The insistance that there should and always remain “nine planets in the solar system” is the very definition of regressive belief. There were only eight planets up until 1930, and only a few years before one galaxy and a number of great “sprial nebulae” in the sky until someone realized that our galaxy is so far from unique that it isn’t even one in a billion.
85% or more systems may be binary, but then, nine out of ten main sequence stars are Class K and M dwarf stars. Our solar system is not like every other star system, and every star system will have unique characteristics—many are quite different, including giant rocky worlds and superjovian “hot” gas giants far closer to their parent star than our theories of planet formation say they should be—but the point is that our star system does not appear to be particularly special in any way that would indicate that it encountered some special confluence of planetary development. The one feature that may be unusual is the excessively large moon to our planet, which is hypothesized to be the result of an unlikely but extremely violent impact, but we may find even that arrangement to be less unusual than we’ve previously expected.
Most planetary systems to appear to lay near a common ecliptic plane, which would be expected if the planets formed in a common protoplanetary disk and were not perturbed, although I expect that we’ll find many smaller worlds, and perhaps even more supergiants with higher eliptic angles as we get more data.
And the Sun, of course, at least if we are talking about gravitational influence. Everything else is just dust motes in comparison. At one time, planetary scientistis theorized that there could only be one jovian-size planet as two or more would tear one another apart, but it is now known that this is not true, both from modeling and observation.
Related if more whimsical 2015 thread: What a planet is, revisited. Also Pluto, where I propose this definition, “A planet is a near-spherical object orbiting a star which has undergone planetary differentiation and is not a star or a brown dwarf.”

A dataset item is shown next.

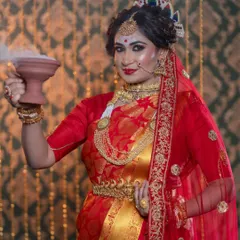 This image captures a traditional Bengali wedding ritual. The makeup is designed to be sweat-proof and long-lasting, staying perfect throughout the ceremonies.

Click the link to read informed objections and commentary, for I am not an astronomer. Also I posted: “ISTM that we’re defining a term inclusive of apples and hub caps while ruling out strawberries. Not that this is a huge issue: Phil Plait speaks for many when he asserts what matters are the properties of Pluto, not what label we stick to it. For this general interest message board though, it’s not a bad entry point to planetary science.”